### Data for analysis
────────

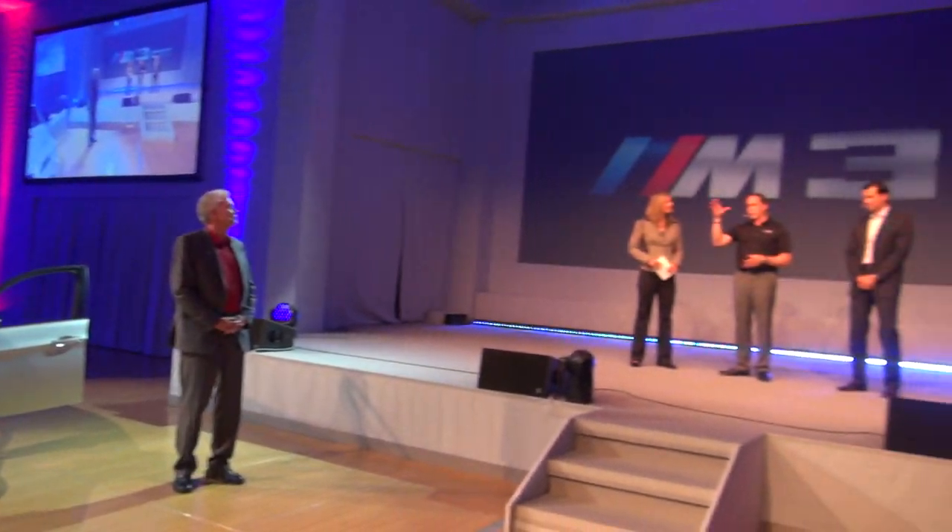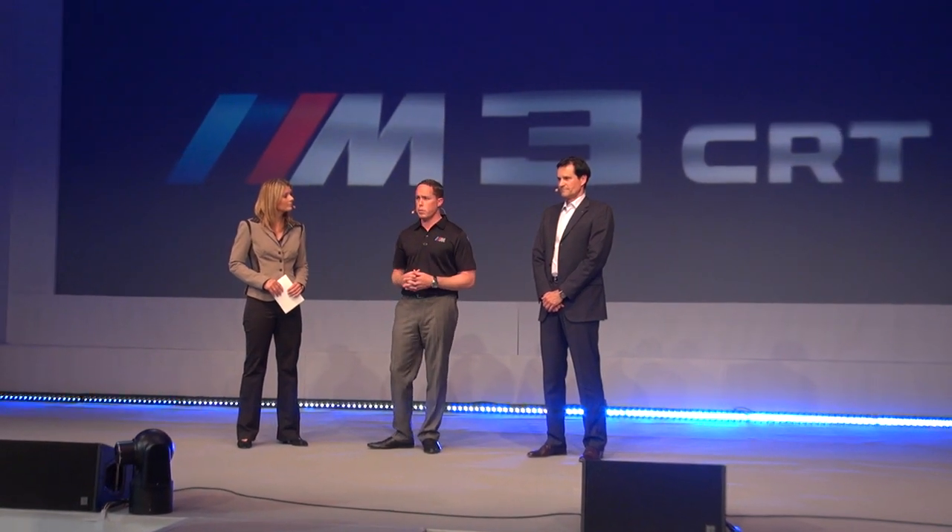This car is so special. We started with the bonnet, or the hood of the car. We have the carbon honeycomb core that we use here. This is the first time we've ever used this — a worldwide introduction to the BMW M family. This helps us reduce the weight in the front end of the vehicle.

────────

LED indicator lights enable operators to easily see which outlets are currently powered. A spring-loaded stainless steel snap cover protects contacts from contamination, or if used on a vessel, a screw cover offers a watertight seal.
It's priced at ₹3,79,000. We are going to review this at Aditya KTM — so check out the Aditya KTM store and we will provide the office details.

────────

### What this task involves
Of the entries above, repeat exactly the lines from the line with "LED indicator lights" through the line with "It's priced at", both of them included.

### Answer to this exercise
LED indicator lights enable operators to easily see which outlets are currently powered. A spring-loaded stainless steel snap cover protects contacts from contamination, or if used on a vessel, a screw cover offers a watertight seal.
It's priced at ₹3,79,000. We are going to review this at Aditya KTM — so check out the Aditya KTM store and we will provide the office details.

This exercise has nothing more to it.